Where Jeremiah Wright Turns for Mideast Analysis
The Rev. Jeremiah Wright’s views on Israel have been an interesting footnote (and for Jews, far more than a footnote) in the larger controversy that has swirled around him. Many American Jews, it’s safe to say, have been angered by his strident criticism of Israel, as well as the publication of anti-Israel polemics in his church’s newsletter. Indeed, Barack Obama, in his speech responding to the Wright controversy, went out of his way to criticize his former pastor’s “view that sees the conflicts in the Middle East as rooted primarily in the actions of stalwart allies like Israel, instead of emanating from the perverse and hateful ideologies of radical Islam.”

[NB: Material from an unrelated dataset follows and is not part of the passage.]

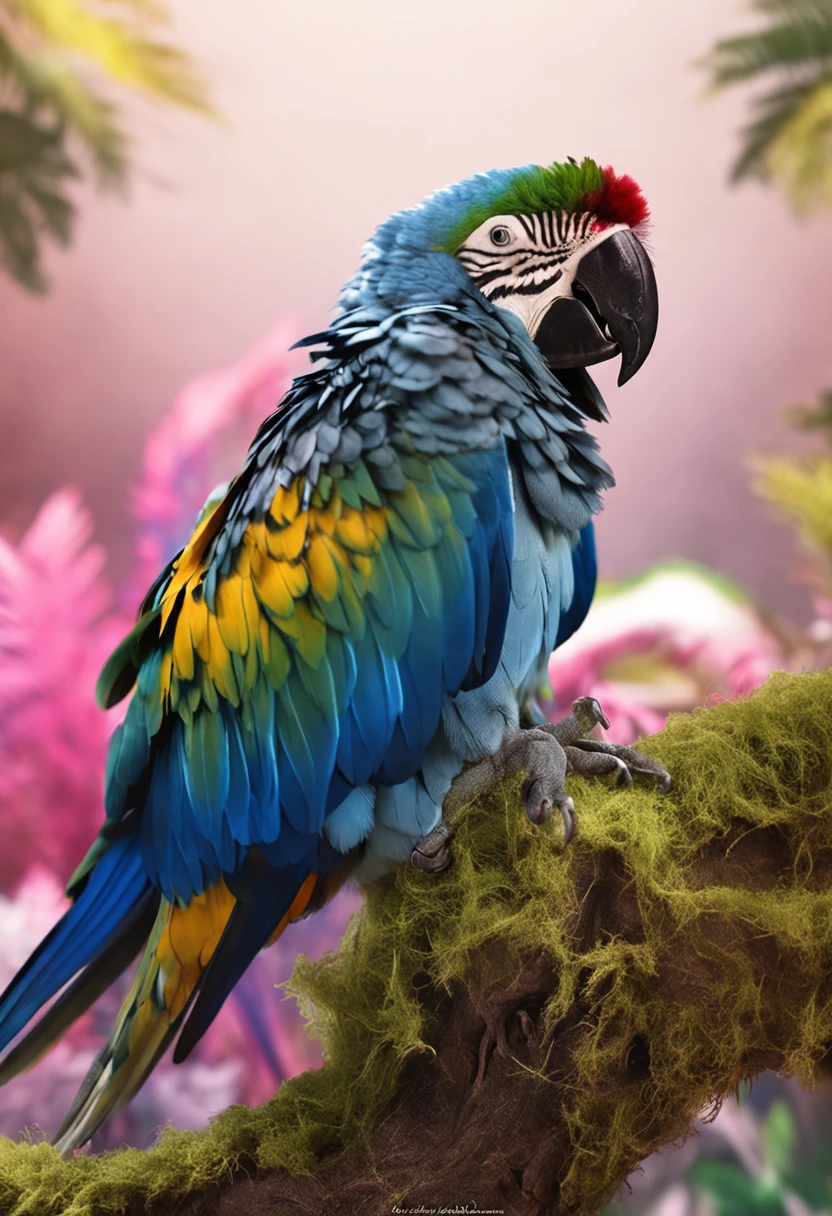 arara cantando hip hop microne, crown on the head of the macaw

Now, Wright is giving us a glimpse into his preferred source of information when it comes to Israel. In his press conference today at the National Press Club, Wright was posed the following question:
You have likened Israeli policies to apartheid and its treatment of Palestinians with Native Americans. Can you explain your views on Israel?
Wright replied:
Where did I liken them to that? Whoever wrote the question, tell me where I likened them.

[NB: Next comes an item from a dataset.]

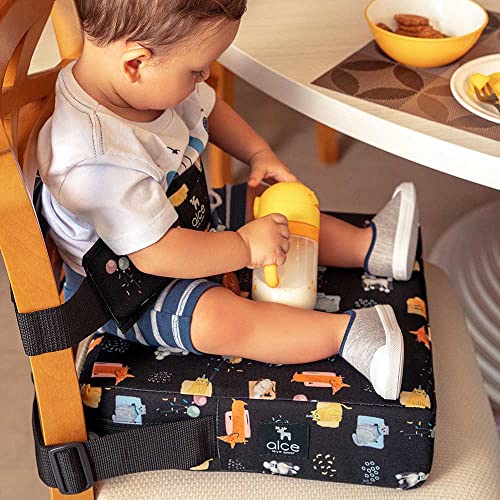 Kit Assento de Alimentação Almofada de Elevação Com Cinto Para Bebes e Crianças Tema Pets Alce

Jimmy Carter called it apartheid. Jeremiah Wright didn’t liken anything to anything. My position on Israel is that Israel has a right to exist, that Israelis have a right to exist, as I said, reconciled one to another.

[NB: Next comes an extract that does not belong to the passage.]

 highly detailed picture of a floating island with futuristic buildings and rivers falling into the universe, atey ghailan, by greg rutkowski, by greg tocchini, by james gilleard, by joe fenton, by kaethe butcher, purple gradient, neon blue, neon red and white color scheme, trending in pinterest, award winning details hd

Have you read the Link? Do you read the Link, Americans for Middle Eastern Understanding, where Palestinians and Israelis need to sit down and talk to each other and work out a solution where their children can grow in a world together, and not be talking about killing each other, that that is not God’s will?
My position is that the Israel and the people of Israel be the people of God who are worrying about reconciliation and who are trying to do what God wants for God’s people, which is reconciliation.
Americans for Middle East Understanding is a New York-based pro-Palestinian group, and The Link is its bimonthly newsletter. AMEU’s recommended list of books on the Middle East includes Jimmy Carter’s “Palestine: Peace Not Apartheid,” Noam Chomsky’s “Fateful Triangle,” Norman Finkelstein’s “The Holocaust Industry” and a number of other books that aren’t particularly friendly to the Jewish state. The latest issue of The Link features a front-page article titled “State of Denial: Israel, 1948-2008” by the radical anti-Zionist Israeli historian Ilan Pappe.
It’s certainly good to know that the Rev. Wright has formed his views about Israel using fair and reliable sources of information (just as he has, I’m sure, when it comes to his opinions about the origins of AIDS).